APN News & Media went into a trading halt this morning, pending it raising a minimum of $79 million and up to $99 million from a share issue.

“APN wishes the trading halt to last from today until commencement of normal trading on Thursday, 21 May 2009 unless APN requests the trading halt to be lifted before that time,” the company told the ASX.

APN also scrapped the interim dividend that was expected for the 2009 financial year as part of savings directed towards debt reduction. “Dividend policy for subsequent periods will reflect appropriate conservatism in line with prevailing economic conditions,” APN said in a second statement this morning.
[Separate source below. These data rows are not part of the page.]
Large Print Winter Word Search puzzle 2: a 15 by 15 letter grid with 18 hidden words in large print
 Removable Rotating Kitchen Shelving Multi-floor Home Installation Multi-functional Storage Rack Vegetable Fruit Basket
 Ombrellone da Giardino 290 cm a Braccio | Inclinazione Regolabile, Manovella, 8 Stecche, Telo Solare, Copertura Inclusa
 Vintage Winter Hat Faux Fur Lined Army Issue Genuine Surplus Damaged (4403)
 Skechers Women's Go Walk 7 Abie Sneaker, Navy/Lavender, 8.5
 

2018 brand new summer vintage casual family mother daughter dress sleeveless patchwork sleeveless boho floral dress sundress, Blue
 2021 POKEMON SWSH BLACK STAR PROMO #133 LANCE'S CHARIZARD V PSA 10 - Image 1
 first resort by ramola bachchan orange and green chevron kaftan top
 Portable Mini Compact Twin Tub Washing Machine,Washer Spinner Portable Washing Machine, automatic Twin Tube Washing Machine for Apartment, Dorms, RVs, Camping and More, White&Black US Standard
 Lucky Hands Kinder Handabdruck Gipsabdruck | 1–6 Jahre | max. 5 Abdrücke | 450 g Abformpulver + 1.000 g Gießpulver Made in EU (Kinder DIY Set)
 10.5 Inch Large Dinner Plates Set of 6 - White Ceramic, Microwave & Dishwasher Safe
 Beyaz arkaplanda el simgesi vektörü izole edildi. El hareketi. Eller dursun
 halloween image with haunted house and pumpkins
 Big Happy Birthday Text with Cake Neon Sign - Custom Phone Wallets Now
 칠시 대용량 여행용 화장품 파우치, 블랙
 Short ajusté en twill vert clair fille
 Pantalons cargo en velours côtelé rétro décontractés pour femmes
It had paid an interim dividend of 10.5 cents a share for the first half of 2008. The equity raising comprises a one for five accelerated non-renounceable pro-rate entitlement offer at $1 per share, an 8% discount to Monday’s closing price of $1.19. The institutional component, representing about $79 million, is fully underwritten. The remaining $20 million of shares will be offered to retail shareholders.

It follows Fairfax among media groups which have raised capital to repay debt and keep the banks at bay.

The company said that with the inclusion of the new $54 million, five year CBA asset finance facility and the underwritten portion of the Entitlement Offer, “the company will have in excess of A$200 million in unused debt commitments available to be drawn, providing ample financing headroom in relation to debt maturities.”

It said its controlling shareholder, Independent News & Media, will not be participating in the Entitlement Offer. That will see its 39% stake reduced. APN’s statement followed one from Independent News & Media overnight that it had been granted a six week standstill period by its creditors, and given 15 million euros in extra working capital. That’s the first indication from INM how just how desperate its financial position is.

The extra working capital will be secured over unnamed assets (are there any left in INM?). INM had been unable top pay a 200 million euro loan which was due to be either repaid yesterday, or rolled over. The creditors owed the money could not agree on what to do, but gave INM the extra six weeks.

That is similar to the extensions currently being given to Canwest of Canada by its creditor banks and noteholders. Another deadline for the last extension falls tomorrow afternoon, Australian time. Canwest controls the Ten Network in Australia, INM controls APN with a 39% stake which it couldn’t sell late last year to raise more capital. Earlier this month, APN cut its annual earnings guidance because of the advertising slump and said Independent News remained a long-term committed major shareholder. There was some talk among analysts over whether APN should have raised capital when issuing the downgrade at the AGM.